Philippe Wacker: Sicher die Uraufführung von „Grönland“ mit Hanna Scheuring. Eine beeindruckende Schauspielerin. Dann die Cie Drift mit ihren selbstgebauten, völlig irren Musikmaschinen. Eugenie Rébetez, die wunderbare Tänzerin aus dem Jura mit ihrem Stück „Gina“, nicht zu vergessen Perrine Valli mit „Je pense comme un fille enlève sa robe“ und klar, zum Schluss der Tanzplan.ost. Sie sehen, ich kann mich nicht entscheiden...

Und welches sind die Höhepunkte des nächsten Jahres? Verraten Sie uns schon dies und das? Welche Daten müssen wir uns unbedingt vormerken?

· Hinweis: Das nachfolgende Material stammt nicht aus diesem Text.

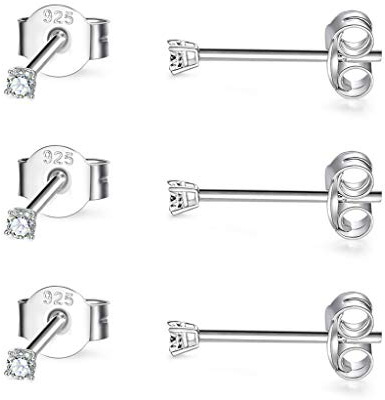 CERSLIMO 3 Pairs Sterling Silver Stud Earrings for Women Men Girls 2mm Tiny Round Cubic Zirconia Stud Earrings Pearl Earrings Ball Earrings Set Cartilage Small Tragus Earrings for Sensitive Ears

Philippe Wacker: Das mache ich gerne. Hier eine erste Vorschau: Wer die Sängerin La Lupa mag, wird am 12. Februar ihr neues Konzert „Mater“ besuchen können. Besonders empfehlen möchte ich ZAL – eine Hommage an Frédéric Chopin- am 23. und 25. März, ein Klavierabend zusammen mit einer Tänzerin, am Piano André Desponds. Unbedingt anschauen. Dann wird der bekannte Schauspieler Daniel Rohr am 9. und 16. März mit dem Beckettstück Mercier und Camier bei uns gastieren und unter der Regie von Jean Grädel wird im Mai das Stück „Spinnen“ aus der Feder der Thurgauer Schriftstellerin Sabine Wang in Steckborn zu sehen sein.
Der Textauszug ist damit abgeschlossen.